Within the entries below, please return exactly the lines from the one with "Marine Serre Black" through the one with "Summer New Men'S", leaving out any pictures.

MATERIAL SHOWN
▬▬▬

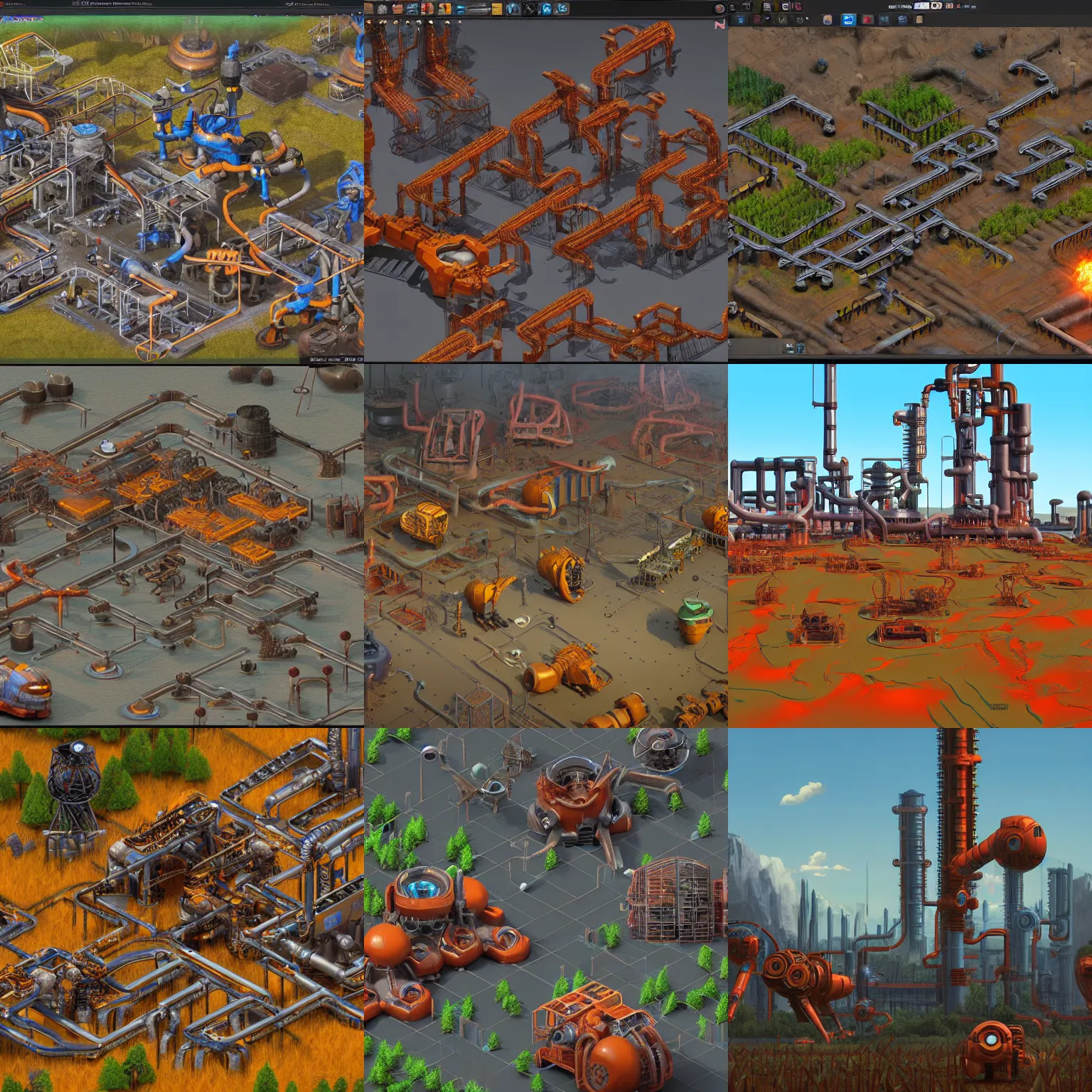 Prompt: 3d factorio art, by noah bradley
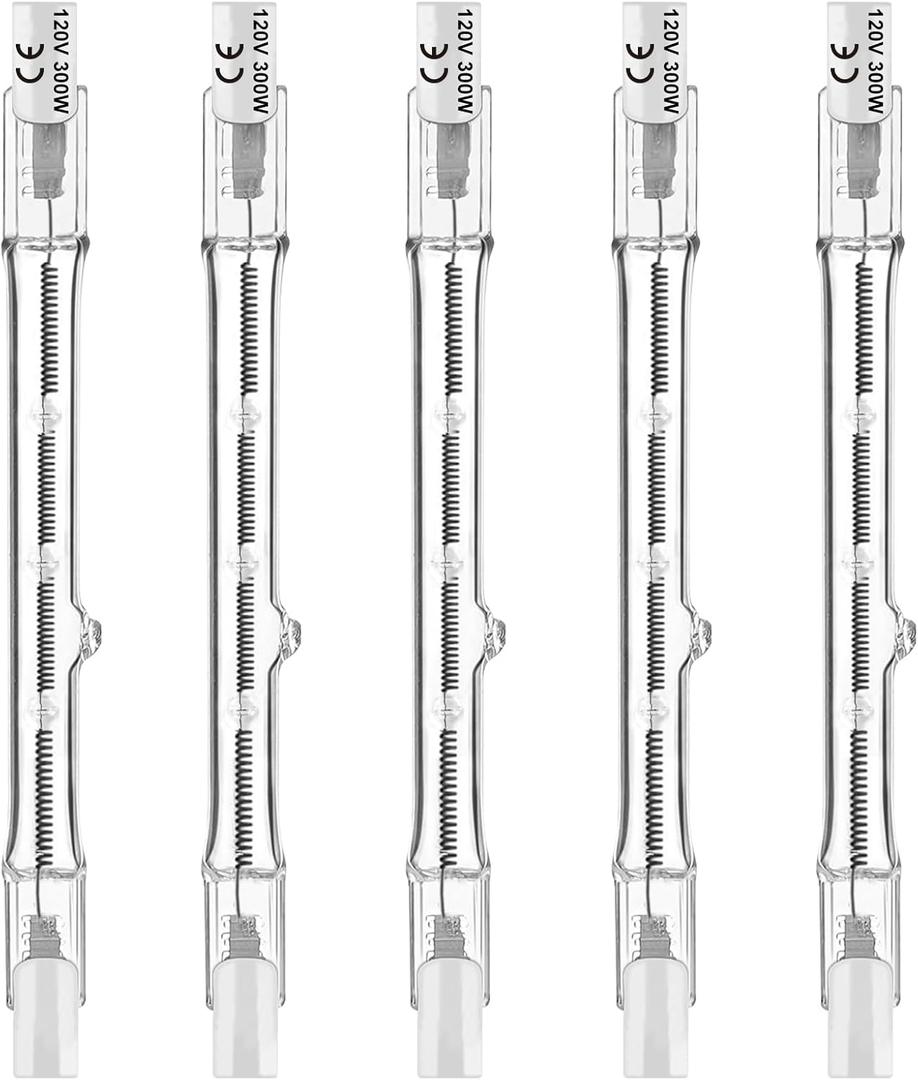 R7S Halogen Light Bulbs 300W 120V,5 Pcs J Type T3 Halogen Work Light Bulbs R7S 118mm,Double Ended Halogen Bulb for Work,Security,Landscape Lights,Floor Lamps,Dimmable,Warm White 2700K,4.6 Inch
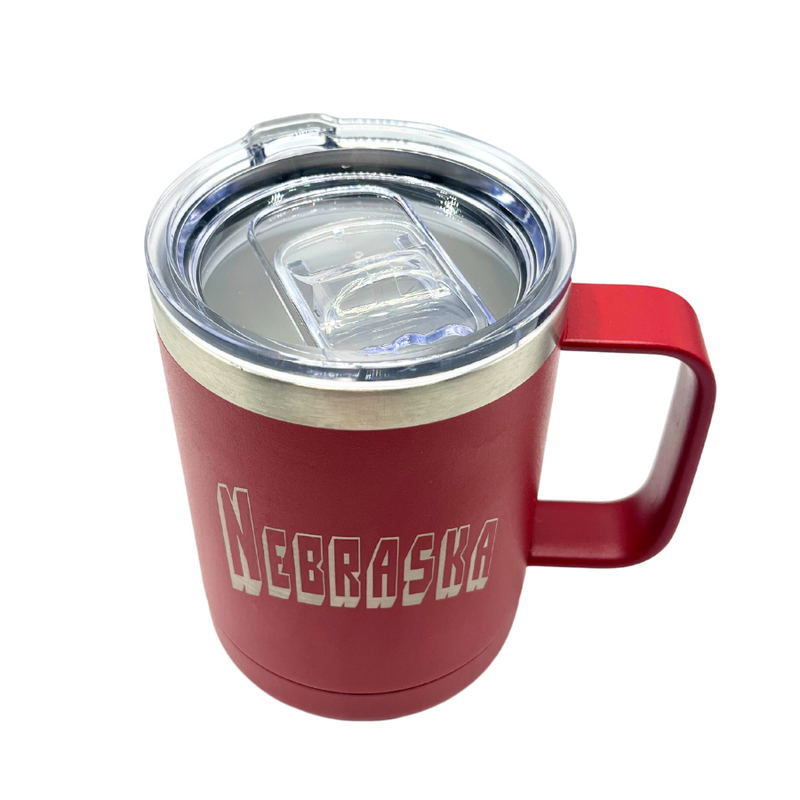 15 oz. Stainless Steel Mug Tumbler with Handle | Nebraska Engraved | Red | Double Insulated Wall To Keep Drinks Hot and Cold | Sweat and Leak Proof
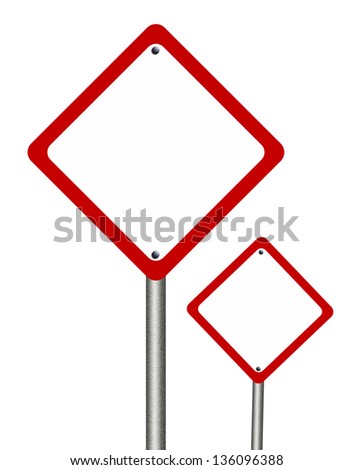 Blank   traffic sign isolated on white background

▬▬▬

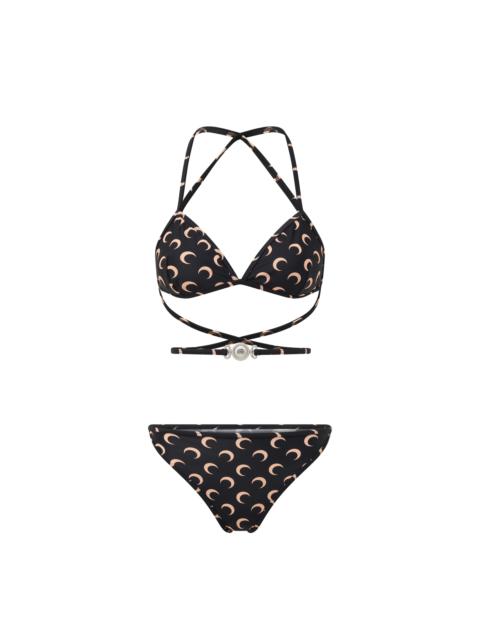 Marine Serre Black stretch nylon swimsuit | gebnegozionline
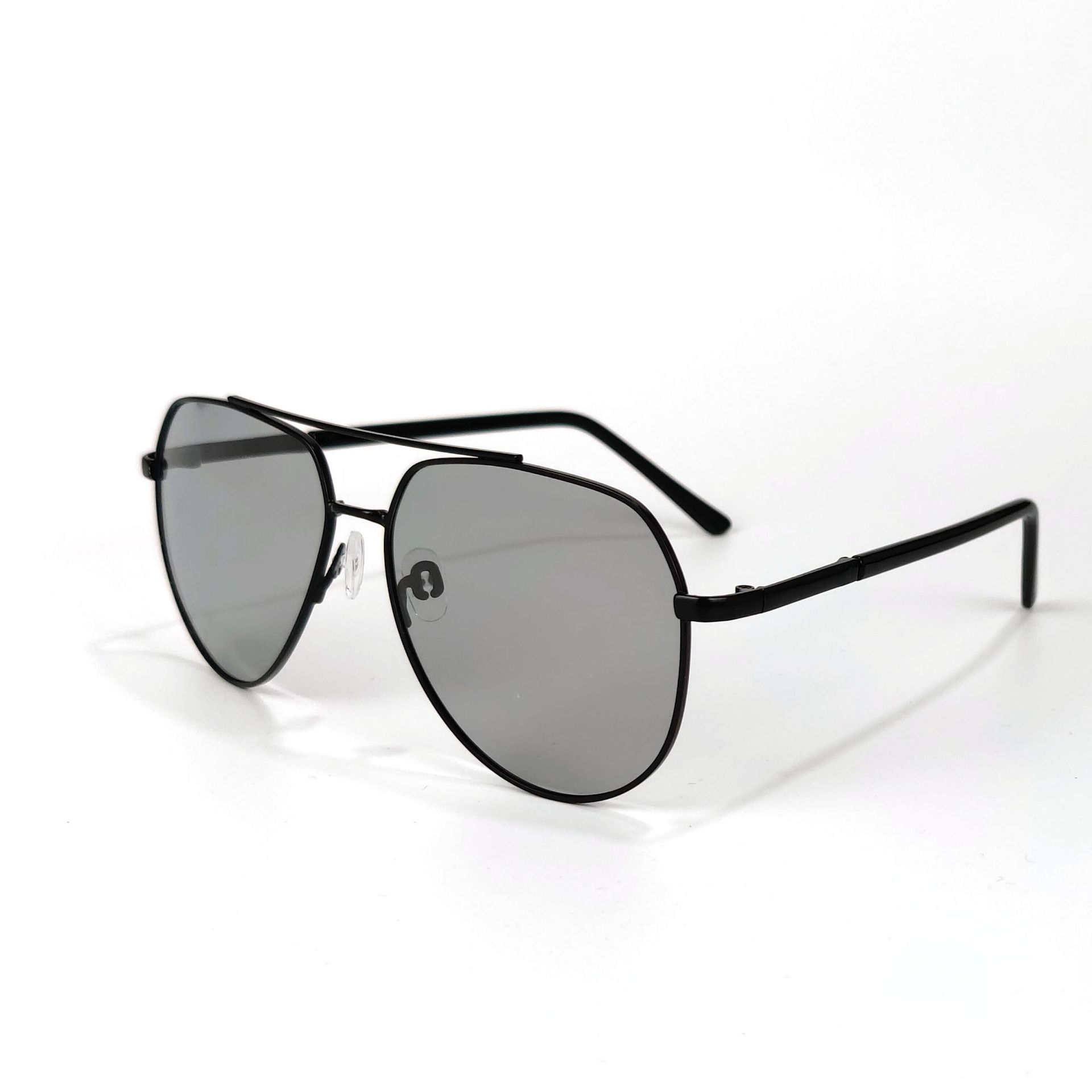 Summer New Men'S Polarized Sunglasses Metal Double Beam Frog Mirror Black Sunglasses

▬▬▬

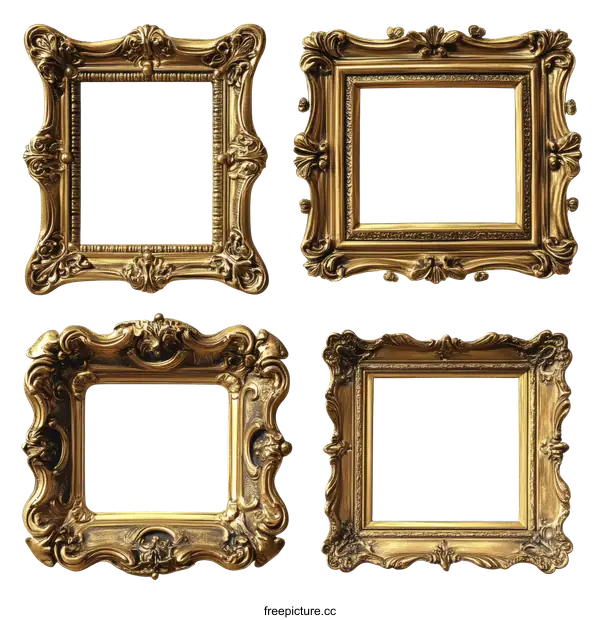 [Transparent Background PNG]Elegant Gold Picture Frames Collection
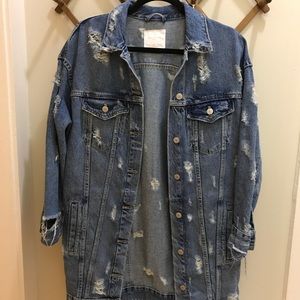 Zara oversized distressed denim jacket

▬▬▬

RESULT
 Marine Serre Black stretch nylon swimsuit | gebnegozionline
 Summer New Men'S Polarized Sunglasses Metal Double Beam Frog Mirror Black Sunglasses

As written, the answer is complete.